BRUSSELS — Swedish investigators on Wednesday identified the man they believe assassinated Prime Minister Olof Palme in 1986, solving one of the biggest political murder mysteries in generations. But with the suspect long dead, it appeared that Swedes would have to live on with some uncertainty.

The question of who walked up behind Palme and shot him as he stared into a shop window on a frigid Stockholm evening has stumped police ever since the murder in February 1986. Theories ranged from the apartheid-era South African government, which resented Palme for his outspoken left-wing views, to the Kurdish militant group, the PKK.

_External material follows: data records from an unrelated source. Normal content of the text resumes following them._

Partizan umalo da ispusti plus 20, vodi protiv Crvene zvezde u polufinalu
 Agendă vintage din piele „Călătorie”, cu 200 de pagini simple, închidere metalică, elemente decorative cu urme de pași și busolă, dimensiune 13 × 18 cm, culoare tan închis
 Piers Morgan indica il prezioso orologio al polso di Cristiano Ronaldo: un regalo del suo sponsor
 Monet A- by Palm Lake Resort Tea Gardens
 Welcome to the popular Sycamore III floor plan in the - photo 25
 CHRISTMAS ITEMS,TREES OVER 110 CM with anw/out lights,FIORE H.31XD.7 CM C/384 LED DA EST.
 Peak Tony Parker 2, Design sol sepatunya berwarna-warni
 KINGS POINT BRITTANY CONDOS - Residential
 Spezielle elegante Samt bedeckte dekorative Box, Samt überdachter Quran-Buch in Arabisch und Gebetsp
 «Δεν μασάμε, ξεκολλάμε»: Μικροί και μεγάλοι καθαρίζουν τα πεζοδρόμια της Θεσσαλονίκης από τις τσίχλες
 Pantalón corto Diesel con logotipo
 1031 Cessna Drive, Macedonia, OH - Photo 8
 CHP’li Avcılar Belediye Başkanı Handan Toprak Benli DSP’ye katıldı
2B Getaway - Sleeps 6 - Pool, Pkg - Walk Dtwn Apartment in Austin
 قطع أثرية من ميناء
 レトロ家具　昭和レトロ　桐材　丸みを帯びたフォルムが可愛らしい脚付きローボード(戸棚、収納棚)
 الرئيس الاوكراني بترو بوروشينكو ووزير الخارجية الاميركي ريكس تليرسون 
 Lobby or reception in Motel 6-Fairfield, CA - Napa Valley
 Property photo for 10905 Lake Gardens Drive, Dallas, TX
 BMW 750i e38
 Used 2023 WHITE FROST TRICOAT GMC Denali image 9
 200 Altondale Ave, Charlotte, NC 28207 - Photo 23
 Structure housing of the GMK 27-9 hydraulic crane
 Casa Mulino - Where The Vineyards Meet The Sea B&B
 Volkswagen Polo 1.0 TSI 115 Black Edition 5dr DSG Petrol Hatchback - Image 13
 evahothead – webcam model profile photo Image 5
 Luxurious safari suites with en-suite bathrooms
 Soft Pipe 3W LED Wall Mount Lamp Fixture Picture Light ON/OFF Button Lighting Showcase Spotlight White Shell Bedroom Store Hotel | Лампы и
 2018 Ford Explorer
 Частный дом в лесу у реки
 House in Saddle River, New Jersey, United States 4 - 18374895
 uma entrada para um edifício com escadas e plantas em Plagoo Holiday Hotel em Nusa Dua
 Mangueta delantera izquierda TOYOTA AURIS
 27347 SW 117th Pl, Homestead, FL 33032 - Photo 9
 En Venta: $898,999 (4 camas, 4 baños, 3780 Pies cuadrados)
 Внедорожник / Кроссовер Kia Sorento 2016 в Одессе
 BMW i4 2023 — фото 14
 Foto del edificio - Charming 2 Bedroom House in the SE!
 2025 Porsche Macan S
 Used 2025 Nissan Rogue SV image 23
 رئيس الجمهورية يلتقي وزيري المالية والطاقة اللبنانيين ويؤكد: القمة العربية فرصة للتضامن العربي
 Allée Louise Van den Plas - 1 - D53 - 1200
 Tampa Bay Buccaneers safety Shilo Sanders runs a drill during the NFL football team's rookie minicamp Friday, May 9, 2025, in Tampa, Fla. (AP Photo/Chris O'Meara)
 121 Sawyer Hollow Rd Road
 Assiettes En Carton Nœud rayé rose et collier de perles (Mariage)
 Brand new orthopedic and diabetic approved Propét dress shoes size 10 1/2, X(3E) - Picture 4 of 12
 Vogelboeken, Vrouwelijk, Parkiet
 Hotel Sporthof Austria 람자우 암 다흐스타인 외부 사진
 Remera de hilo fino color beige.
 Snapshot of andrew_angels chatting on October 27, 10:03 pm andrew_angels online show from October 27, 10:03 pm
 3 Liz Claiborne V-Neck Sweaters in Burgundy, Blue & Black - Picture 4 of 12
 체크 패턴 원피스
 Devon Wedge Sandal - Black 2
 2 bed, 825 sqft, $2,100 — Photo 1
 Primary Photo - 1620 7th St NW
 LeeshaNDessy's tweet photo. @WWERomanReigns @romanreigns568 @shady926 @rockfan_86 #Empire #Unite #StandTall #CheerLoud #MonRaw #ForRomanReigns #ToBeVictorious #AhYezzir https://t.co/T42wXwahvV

But a senior Swedish prosecutor said Wednesday that after a three-year investigation, they believe the answer is closer to home: a disgruntled Swedish graphic designer, Stig Engstrom, a then-52-year-old man who worked at the insurance company outside of which Palme was shot.

[‘Olof Palme and I Were Friends’]

Engstrom died in 2000 in what is believed to have been a suicide. Chief prosecutor Krister Petersson said that investigators did not conclusively link a weapon to the assassination, but with the evidence they have currently assembled, there was enough to move forward with a case against Engstrom, who was vocally opposed to Palme’s left-wing policies — if he were still alive.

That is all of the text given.